Lava-Jato: acusados de corrupção sugerem que investigadores são incompetentes e delatores, mentirosos

A doutrina processual penal recepciona com clareza o princípio “nemo tenetur se detegere”, ou seja, o cidadão não é obrigado a produzir provas contra si mesmo, o que explica o direito do réu de permanecer calado. Entre o silêncio garantido por lei e fugir à realidade dos fatos há uma enorme e provocativa distância.

No Brasil, implicados na Operação Lava-Jato afirmam de forma recorrente que são inocentes, que as acusações são infundadas e, até mesmo, que os depoimentos dos delatores são obras de ficção, talvez “delaçõezinhas”, como sugeriu recentemente em entrevista a ex-presidente Dilma Rousseff.

Com a divulgação antecipada da temida “lista de Fachin”, fruto da segunda “lista de Janot”, a classe política brasileira entrou em polvorosa em uma semana que estava fadada a ser modorrenta por causa do feriado da Páscoa. Ao contrário, a semana, que deveria ser curta e calma, tornou-se longa e extremamente agitada. A tal ponto que a Câmara dos Deputados, instantes após a divulgação da lista, suspendeu as votações por falta de quorum. Isso porque deputados deixaram rapidamente o plenário da Casa em busca de informações.

Nove entre dez políticos que serão investigados alegam inocência, como se os brasileiros não soubessem como funciona a política no País. Aliás, como sempre afirmou o UCHO.INFO, no Brasil política só se faz com muito dinheiro, na maioria das vezes de origem duvidosa.

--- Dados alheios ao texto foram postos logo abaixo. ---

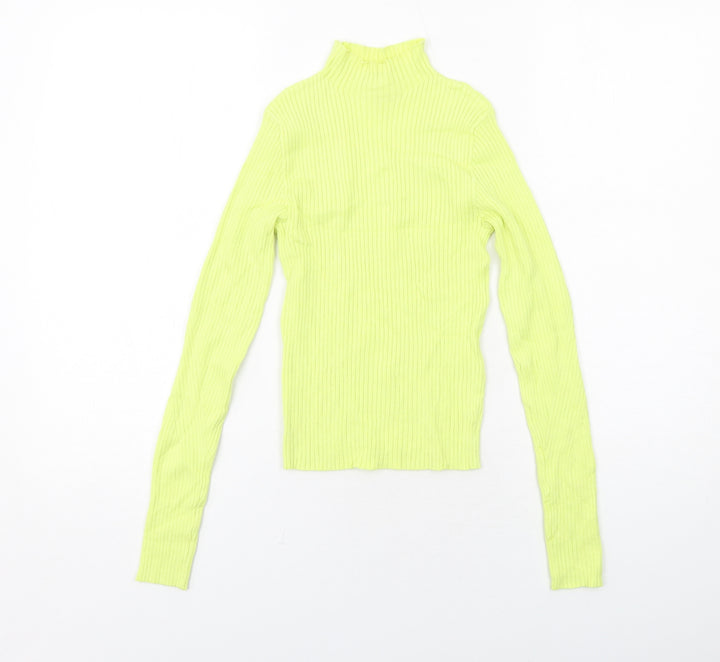 Bershka Womens Yellow Mock Neck Viscose Pullover Jumper Size S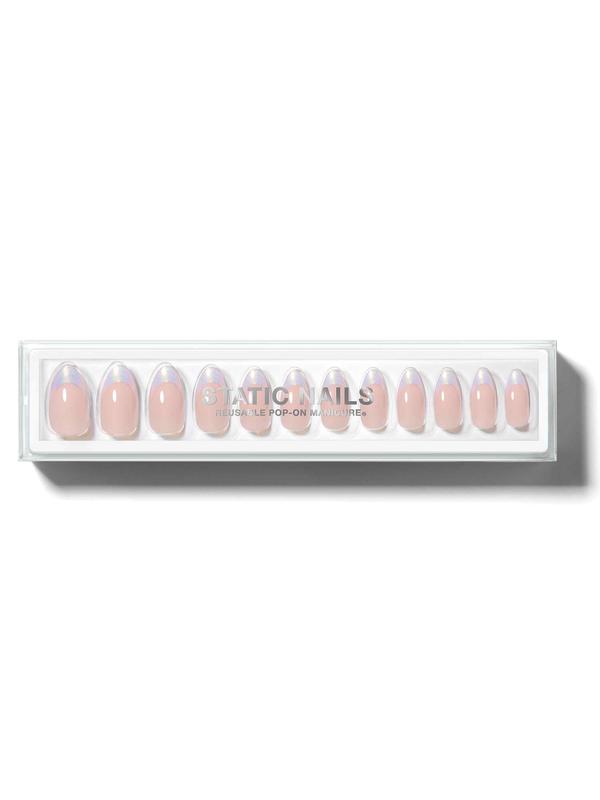 Static Nails Like-Acrylic Reusable Pop-On Manicures - Opalescent French Almond - The High Quality, Long-Lasting Alternative to Salon Gels, Dips, Acrylics, and Press-On Nails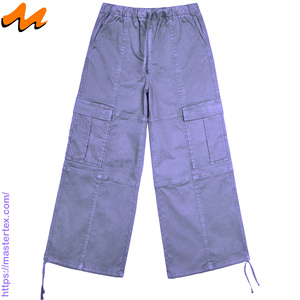 Pantalones Cargo Casuales de Verano para Mujer MASTER TEXTILE, Color Sólido, Pierna Ancha, Transpirables, Cintura Media, Hechos con Tela de 7.37 oz - Product Image 1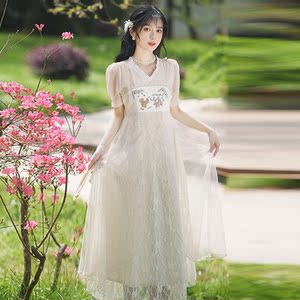复古中国风女装汉元素改良版汉服齐胸襦裙仙气飘飘连衣裙古风长裙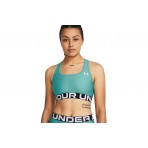 Under Armour Heatgear Mid Branded Γυναικείο Μπουστάκι Άκουα
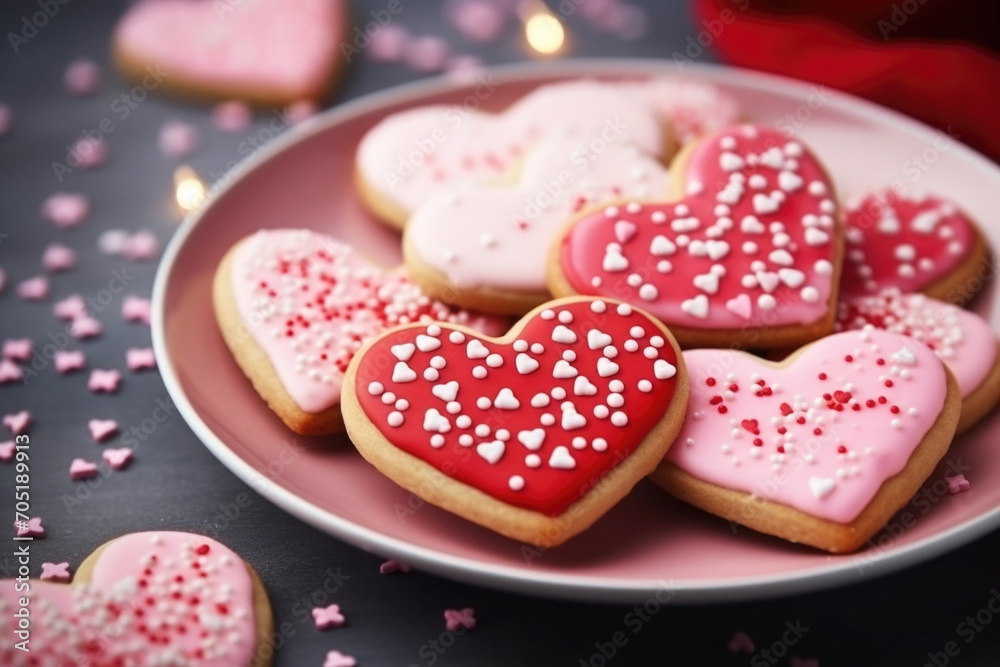Decorated heart shaped cookies on the plate close up Decorated heart shaped cookies on the plate close up
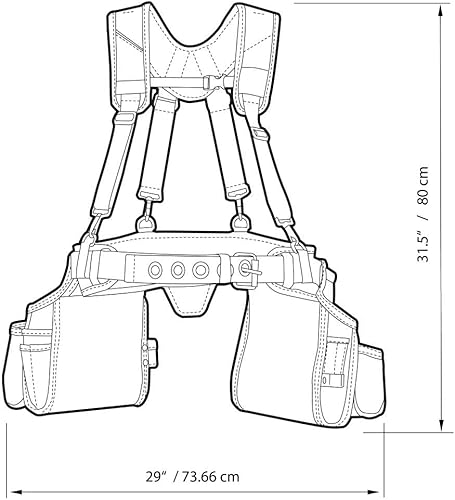 Miniatura 9 de ToughBuilt - Soporte de suspensión Pro Carpenter con bolsillos - Resistente, de lujo, calidad premium, duradero - Tamaño ajustable - (TB-302-6)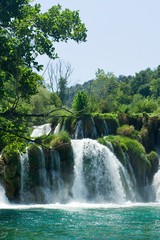 Fototapeta premium Beautiful forest waterfall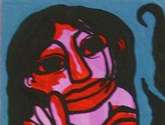 mujer y pájaro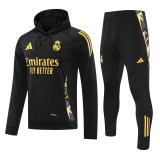 Mens Real Madrid Hoodie Sweatshirt + Pants Training Suit Black II 2024/25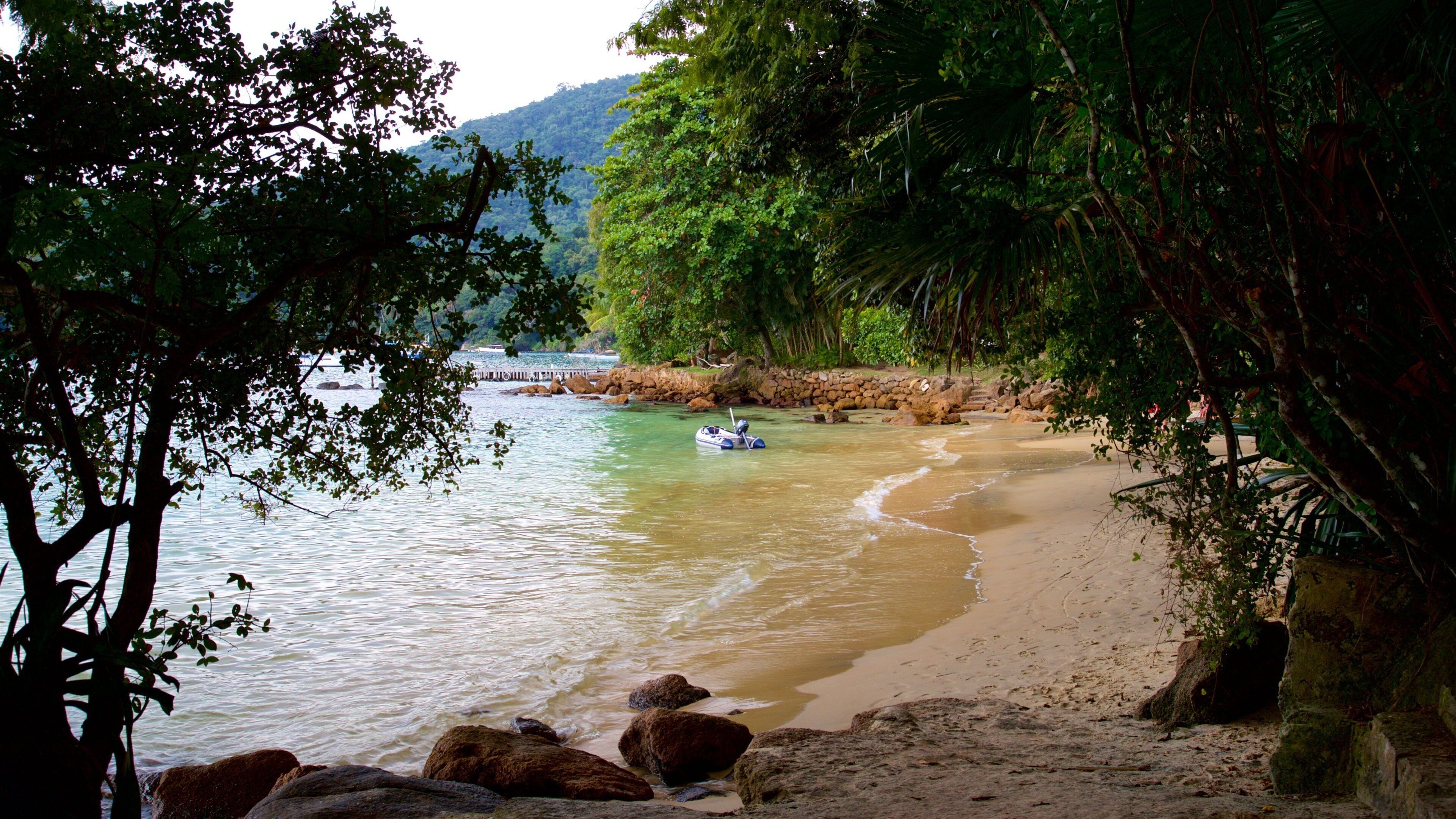 Baía da Ilha Grande que inclui uma praia de areia e paisagens litorâneas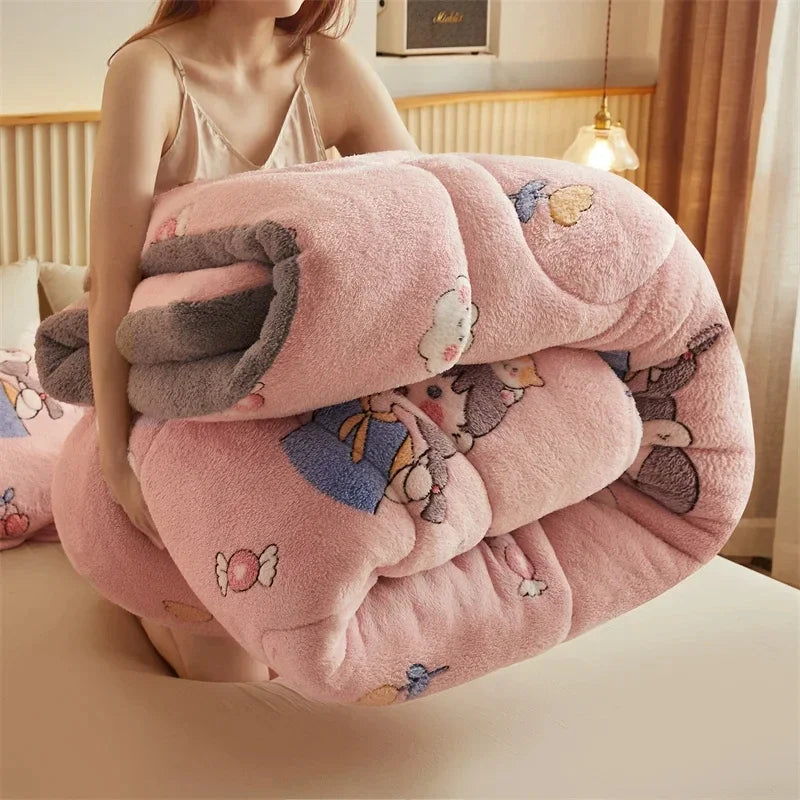 Winter Thicken Blanket Quilt Lamb Wool Double Layer Thick Warm Blanket 150/180/200 Comforter Throw Blankets for Beds Bedding 이불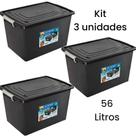 Kit 3 Caixas Organizadoras 56 Litros C Tampa e Trava Preta BRINQUEDO ESCRITORIO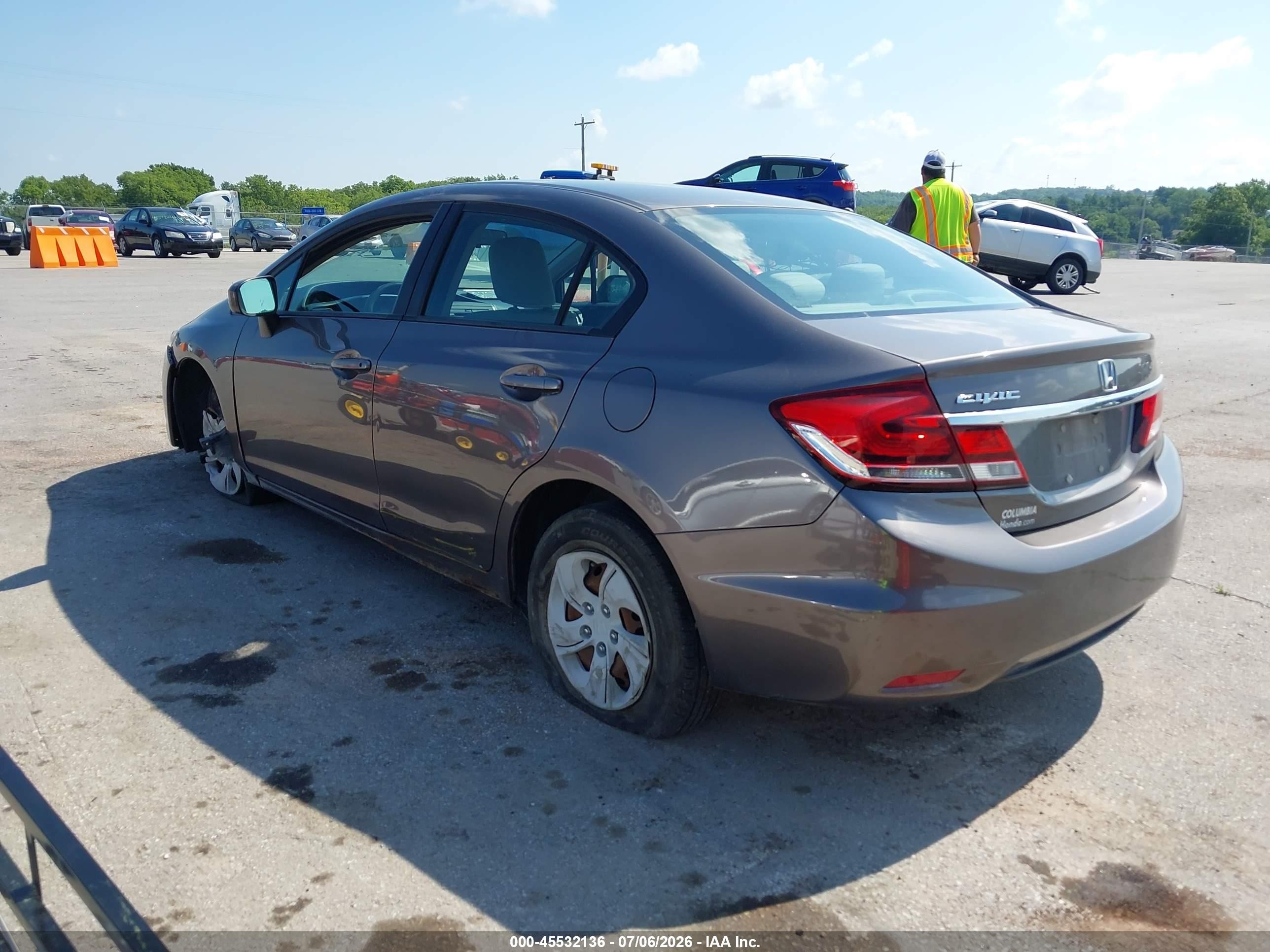 2014 Honda Civic Lx Gray vin: 19XFB2F59EE042880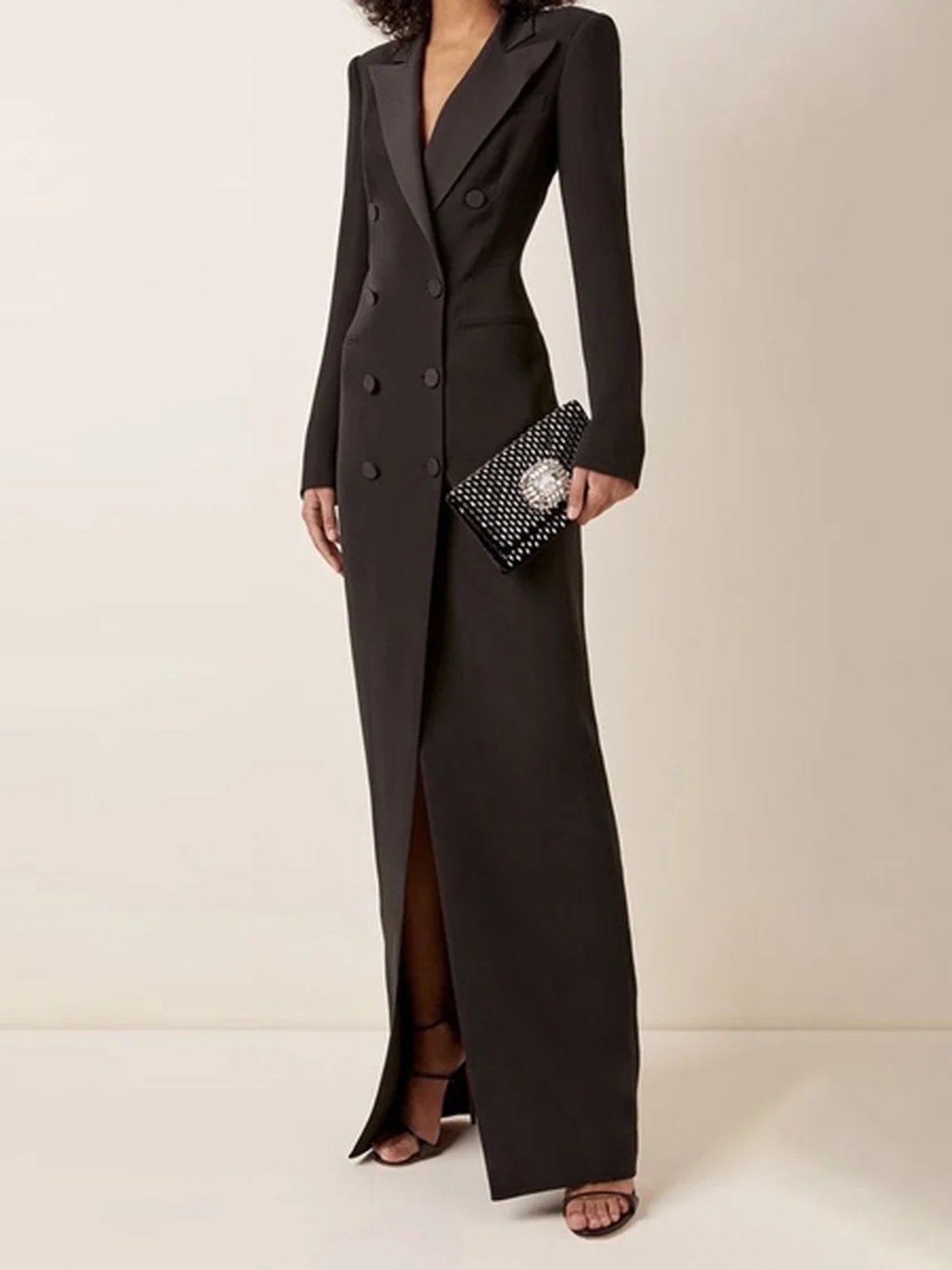 Elegante Jurk met Blazerkraag Dames – Tijdloze Midi-Jurk met Lange Mouwen & Klassieke Flair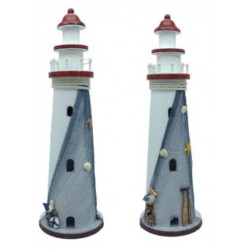 Farol em madeira vermelho 17*50cm 604011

A situação só chegou ao estágio atual por causa da leniência da Justiça Eleitoral, que sempre fechou os olhos para a realidade. Entre a prestação de contas de candidatos a cargos eletivos, a pirotécnica de muitas campanhas e fatos noticiados pela imprensa sempre existiu enorme discrepância. Mesmo assim, a Justiça Eleitoral quase sempre aprovou contas suspeitas de campanhas de candidatos que gastaram muito mais do que declararam. Isso fomentou a corrupção e deu sobrevida ao malfadado e criminoso caixa 2.

No momento em que os investigados por corrupção tentam desconstruir o conteúdo das delações – as quais ainda precisam ser comprovadas, é importante salientar – surge um movimento que afronta o raciocínio. Se todos os acusados são inocentes, então os investigadores são incompetentes e os delatores, mentirosos.

Faz-se necessário destacar que as autoridades, por dever de ofício, têm o compromisso de combater com veemência a corrupção, ao passo que os delatores dependem da verdade para recuperar a liberdade ou para não perdê-la da noite para o dia.

Esperar que, após a avassaladora “lista de Fachin”, algum político seja tomado por instante de grandeza e admita participação no maior esquema de corrupção de todos os tempos, o Petrolão e seus pedúnculos, é acreditar em milagre. Mesmo assim, vez por outra acontecem. Até porque, segundo a lenda, Deus é brasileiro.